Fintech P2P Lending
When banks significantly cut back on lending in the wake of the financial crisis in 2007, both because their capital was wiped out and increased regulations to keep out unqualified borrowers took effect, small businesses needing a loan and individuals desperate for safe investments were able to combine their needs, and a peer-to-peer lending industry popped up.
As Bloomberg explained this month, Lending Club, one of the biggest peer-to-peer lending services, was started in June 2007, just before the beginning of the financial crisis. Since then, the number of loans the company has made has doubled each year – and that’s after turning down 90 percent of applicants. The service is also known for its low default rates, a rarity after the crisis, and appears to be a win-win for borrowers and lenders.
China’s P2P Lending Industry
But China presents issues with the system. In a country where only 3 percent of small businesses have been able to get loans due to the government’s strict restrictions regarding lending, almost 2,000 peer-to-peer sites have been created since 2007. Of those, many have much higher default rates than banks, and are known for their abuse and fraud within the system.

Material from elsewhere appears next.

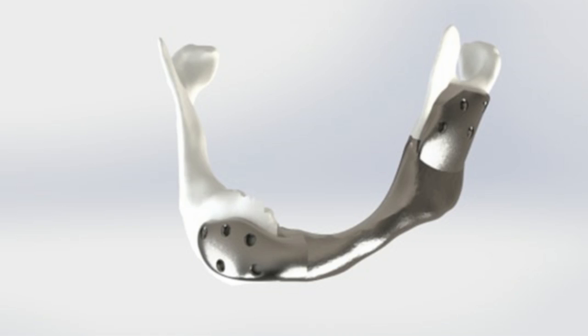The implant is much stronger, partly because the forces are optimally distributed with an improved fixation technique. The implant also has a so-called mesh structure on the inside.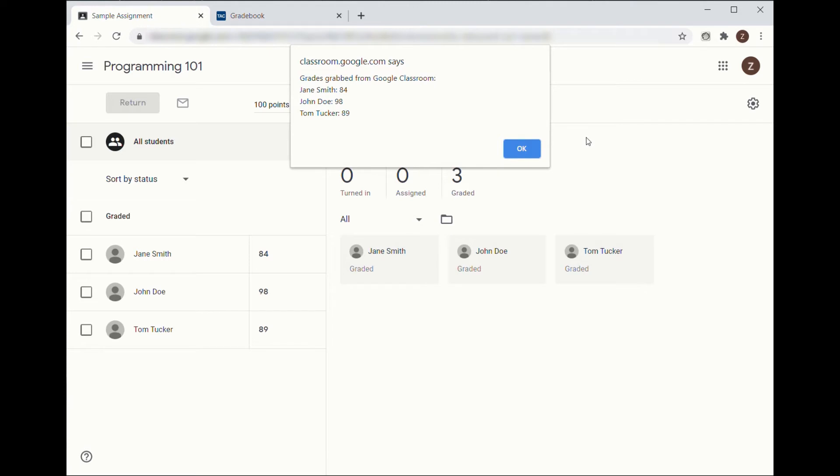Always check to make sure grades are correct. If a student's assignment hasn't been graded yet, it will not be copied. Click OK.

Despite China’s lending system, the idea of peer-to-peer lending remains popular in the U.S. and will likely remain so. But, just like how reckless lending led to the 2008 financial crisis – which in turn led to the growth of peer-to-peer lending – it still remains important to stay on top of credit and risk management. For both banks and services like Lending Club, risk management tools can help keep delinquencies low, especially as services and applications increase.
In addition, the creation of peer-to-peer lending suggests that a new form of lending can be just around the corner, and remaining adaptable is also important for any financial service. With low interest rates and low default rates, the peer-to-peer lending industry will likely stick around.